Beim Weihnachtsfest handelt es sich wohl um den «Exportmeister» christlicher Motive in die Gesellschaft. Längst haben pappschneebedeckte Weihnachtsbäume die Einkaufsmalls von Rio de Janeiro erobert, kaum ein deutsches Lied dürfte einen derartigen Bekanntheitsgrad weltweit aufweisen wie das Weihnachtslied «Stille Nacht». Dass das Weihnachtsfest außerhalb des Kirchenraumes zu einem kulturellen Großereignis, einem vielschichtig aufgeladenen Fest der Familie, des Friedens, des Schenkens geworden ist und Festbeleuchtung, Weihnachtsmänner und eine Dauerbeschallung mit Weihnachtsliedern das Kind in der Krippe in den Hintergrund treten lassen, nimmt Stephan Wahle nicht zum Anlass einer Lamentatio über die Verflachung eines christlichen Festes im «Weihnachtschristentum» (Matthias Morgenroth). Vielmehr nimmt er aus liturgiewissenschaftlicher Perspektive umfassend das «Phänomen» Weihnachten in den Blick.
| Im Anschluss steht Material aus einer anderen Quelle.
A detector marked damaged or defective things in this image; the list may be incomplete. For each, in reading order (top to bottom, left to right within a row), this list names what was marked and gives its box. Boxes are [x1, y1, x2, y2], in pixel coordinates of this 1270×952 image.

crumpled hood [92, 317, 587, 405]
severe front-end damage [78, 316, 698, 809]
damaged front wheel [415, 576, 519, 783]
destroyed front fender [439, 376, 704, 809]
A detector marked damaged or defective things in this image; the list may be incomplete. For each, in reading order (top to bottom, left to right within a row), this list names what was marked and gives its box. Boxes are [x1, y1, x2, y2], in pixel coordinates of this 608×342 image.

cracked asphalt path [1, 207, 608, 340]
Denn, um Weihnachten und seiner Bedeutung für den heutigen Menschen gerecht zu werden, bedarf es einer vorurteilsfreien Erschließung sämtlicher Ausdrucksformen weihnachtlicher Festkultur, von der Liturgie am Heiligen Abend über Rituale wie Geschenkkultur und Familienfeier hin zu Requisiten wie dem Tannenbaum oder der Weihnachtskrippe. So verfolgt Wahle in seiner Studie drei Anliegen, die sich in drei Gliederungsteilen wiederspiegeln: «erstens einen soliden Überblick über die biblischen und historischen Grundlagen des Weihnachtsfestes geben, zweitens die Liturgie von Weihnachten in die christliche Theologie (speziell in die Theologie vom Pascha-Mysterium Jesu Christi) einordnen und drittens die Transformationsprozesse des Festes in Kultur und Gesellschaft wie auch in Kirche und Theologie befragen» (13).
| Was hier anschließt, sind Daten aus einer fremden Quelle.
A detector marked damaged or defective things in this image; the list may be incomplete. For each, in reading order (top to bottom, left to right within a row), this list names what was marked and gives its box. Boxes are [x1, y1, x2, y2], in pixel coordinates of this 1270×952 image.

Ein theologischer Leitgedanke der Studie ist die enge Bezogenheit des Weihnachtsgeschehens auf das Paschamysterium: Krippe und Kreuz bilden zwei Pole des einen Erlösungsgeschehens. Bereits die biblischen Geburtsgeschichten setzen, wie Wahle im ersten Teil der Arbeit beleuchtet, das Bekenntnis zum auferstandenen Gekreuzigten voraus. Auch die zentralen theologischen Motive der Weihnachtsliturgien, die im zweiten Teil anschaulich herausgearbeitet werden, zielen auf die Erlösung des Menschen im Licht des Ostergeschehens: Deutlich wird dies beispielsweise im Motiv des «wunderbaren Tauschs», das auf die Heiligung der Menschennatur abhebt, oder der Deutung der Menschwerdung als «principium» der Erlösung. Ferner rekonstruiert Wahle übersichtlich die komplexe Entstehungsgeschichte der Weihnachtsmessen des römischen Ritus im 4. Jahrhundert und zeigt Einflüsse durch die Jerusalemer Stationsliturgie auf.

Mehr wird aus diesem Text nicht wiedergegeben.